EXERCISE DETAILS: Print only the lines below from the one with "Personalised Christmas Train" to the one with "Gpack Xiaomi Poco", both included, exactly as they stand. Leave pictures out.

[EXTRACTED ENTRIES — start]

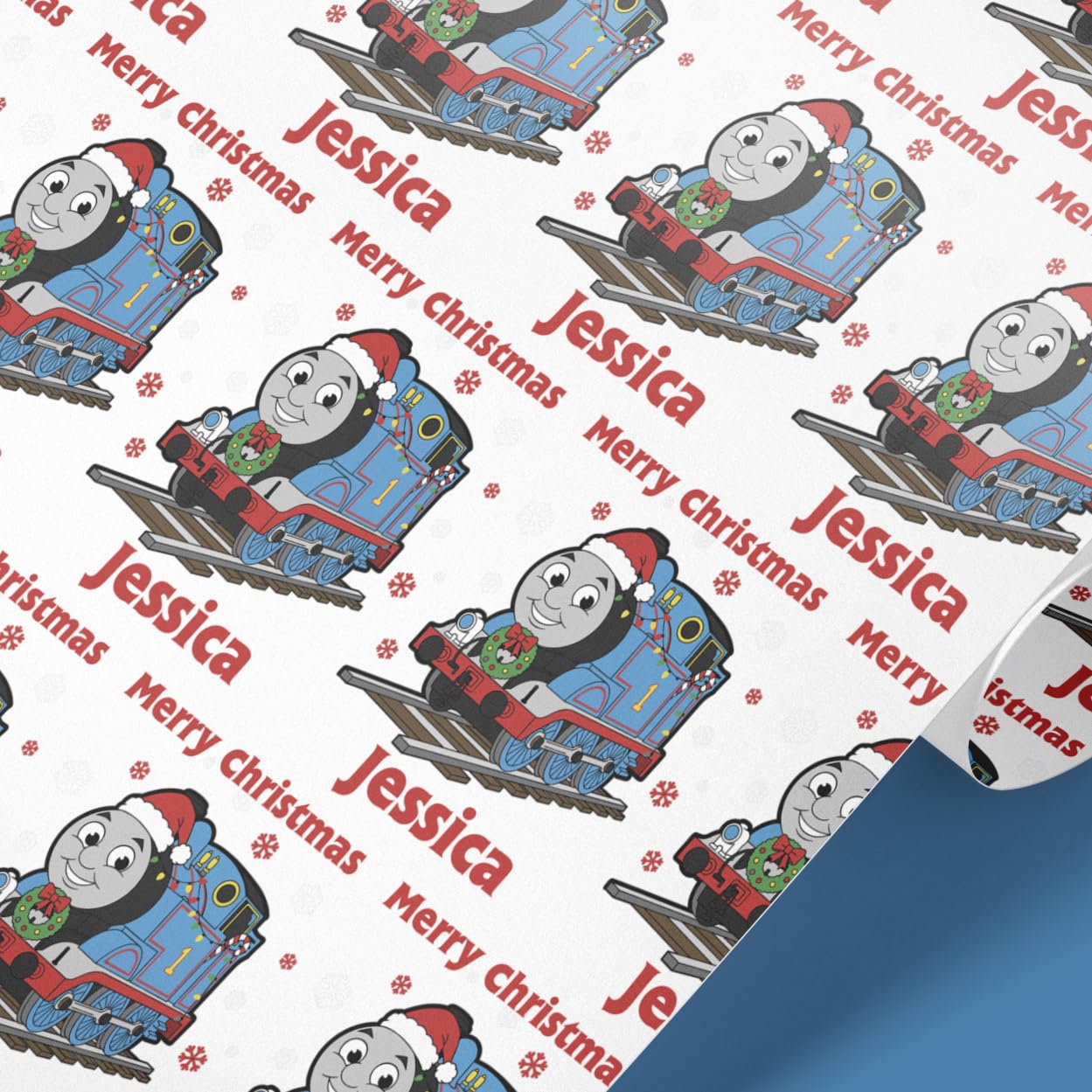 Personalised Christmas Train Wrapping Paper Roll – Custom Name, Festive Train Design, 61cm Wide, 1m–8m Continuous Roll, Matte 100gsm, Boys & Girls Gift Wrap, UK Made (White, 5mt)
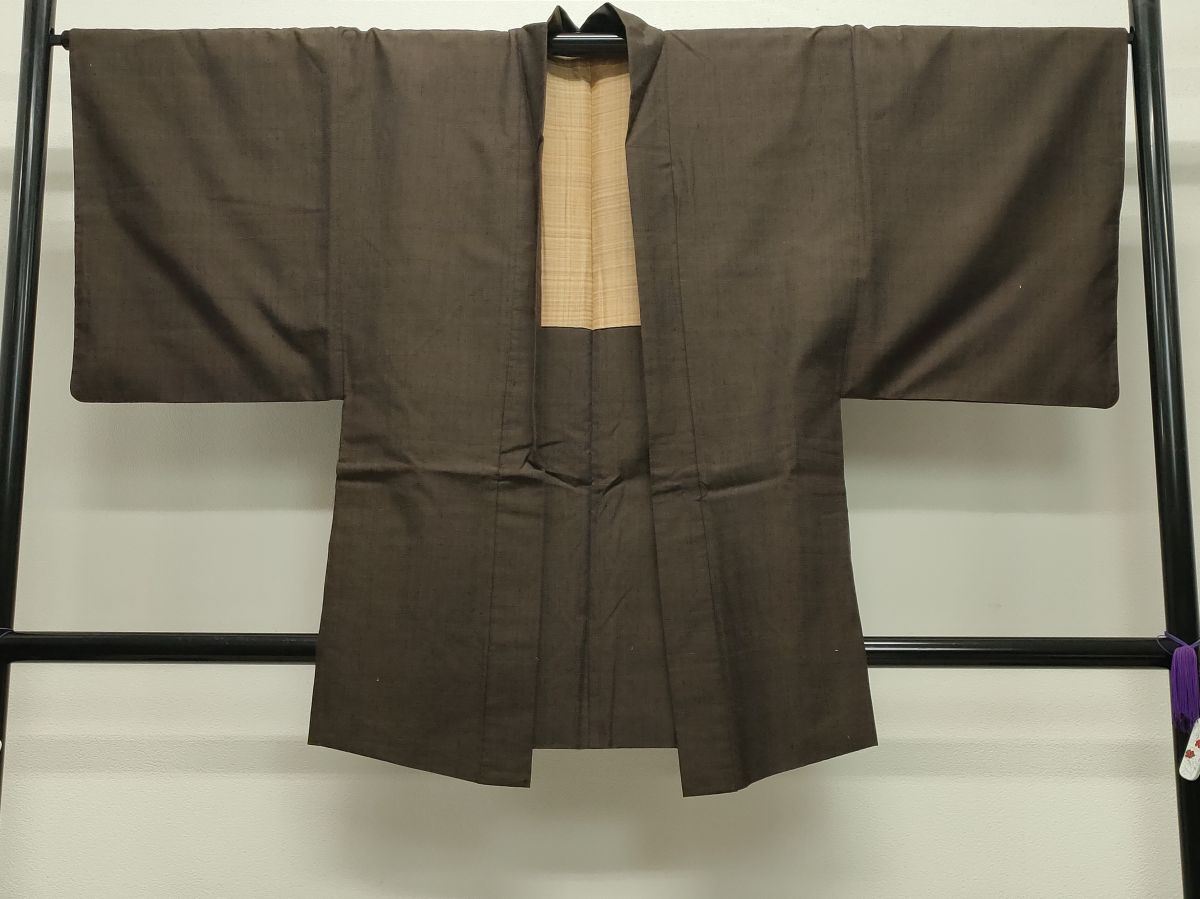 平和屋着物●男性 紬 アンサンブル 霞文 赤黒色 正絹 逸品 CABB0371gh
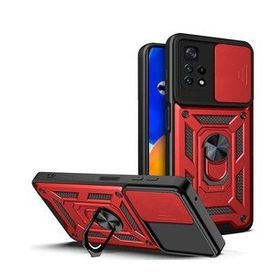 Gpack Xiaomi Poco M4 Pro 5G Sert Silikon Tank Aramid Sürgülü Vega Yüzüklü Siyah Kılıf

[EXTRACTED ENTRIES — finish]
[EXTRACTED ENTRIES — start]

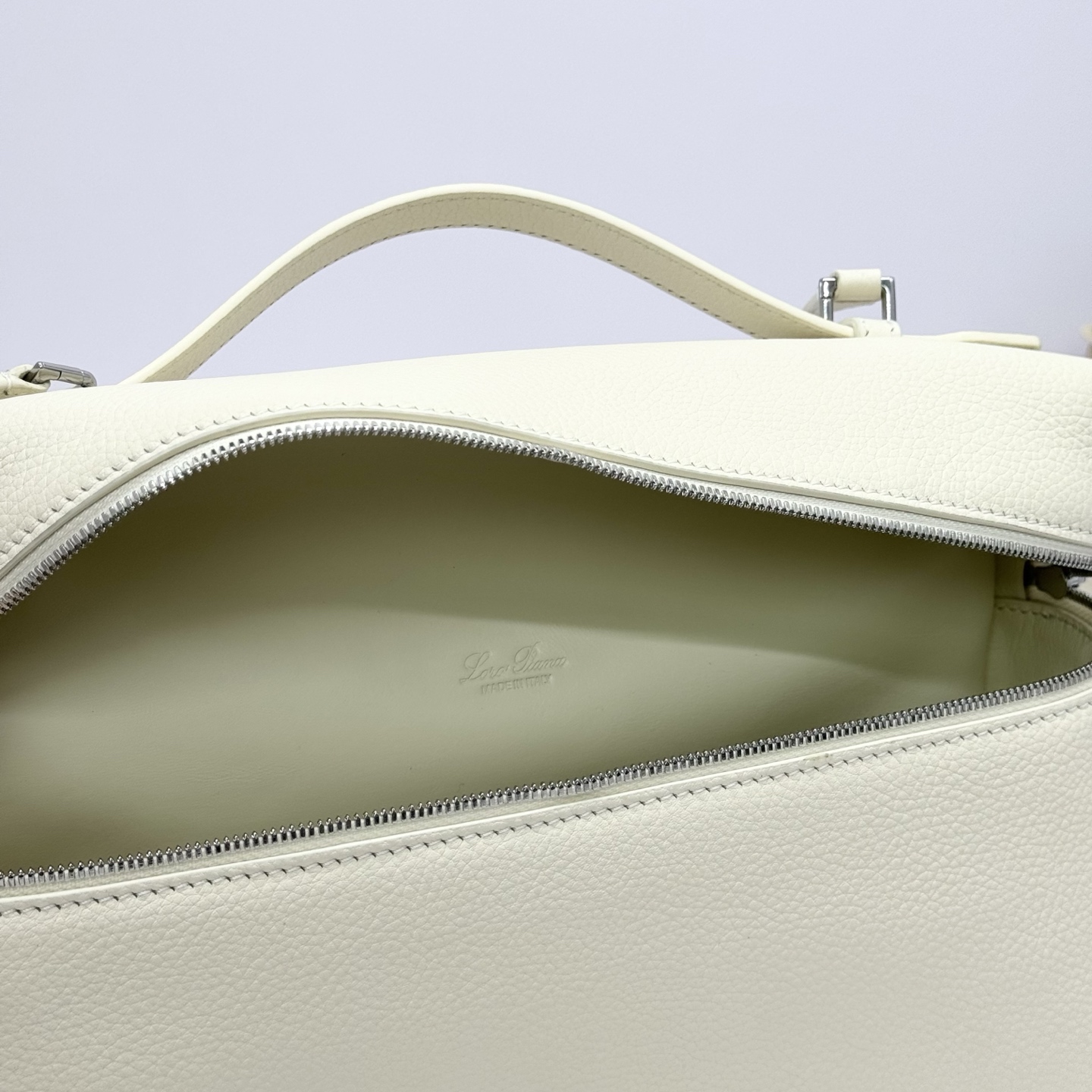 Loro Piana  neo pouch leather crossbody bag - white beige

[EXTRACTED ENTRIES — finish]
[EXTRACTED ENTRIES — start]

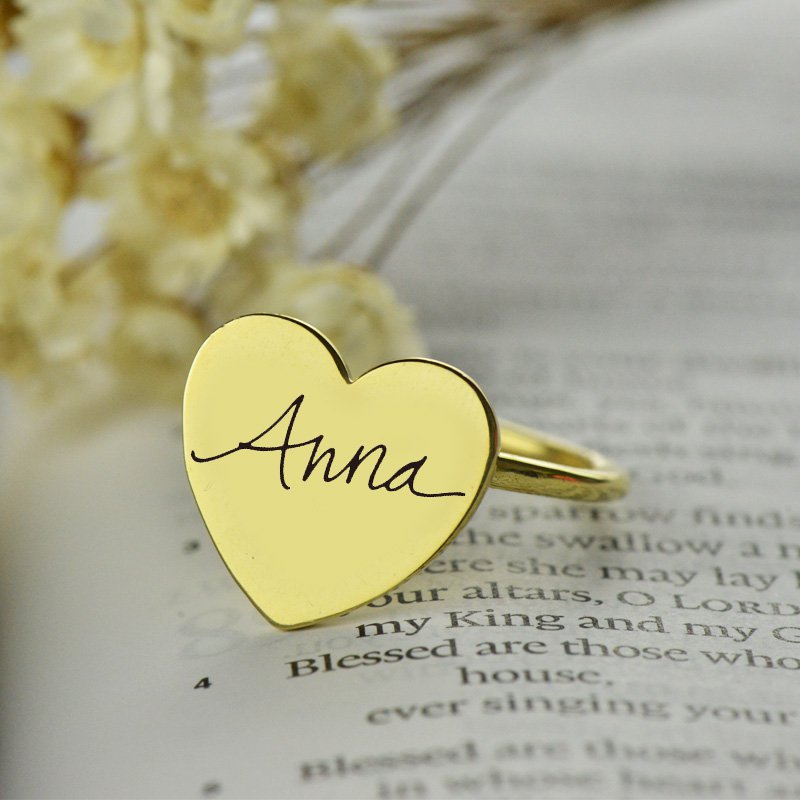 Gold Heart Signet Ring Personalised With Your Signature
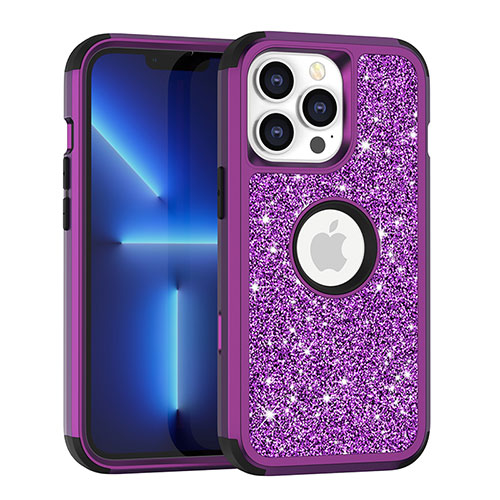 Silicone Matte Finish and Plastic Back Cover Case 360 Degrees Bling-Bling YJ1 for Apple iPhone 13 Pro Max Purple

[EXTRACTED ENTRIES — finish]

EXERCISE SOLUTION:
 Personalised Christmas Train Wrapping Paper Roll – Custom Name, Festive Train Design, 61cm Wide, 1m–8m Continuous Roll, Matte 100gsm, Boys & Girls Gift Wrap, UK Made (White, 5mt)
 平和屋着物●男性 紬 アンサンブル 霞文 赤黒色 正絹 逸品 CABB0371gh
 Gpack Xiaomi Poco M4 Pro 5G Sert Silikon Tank Aramid Sürgülü Vega Yüzüklü Siyah Kılıf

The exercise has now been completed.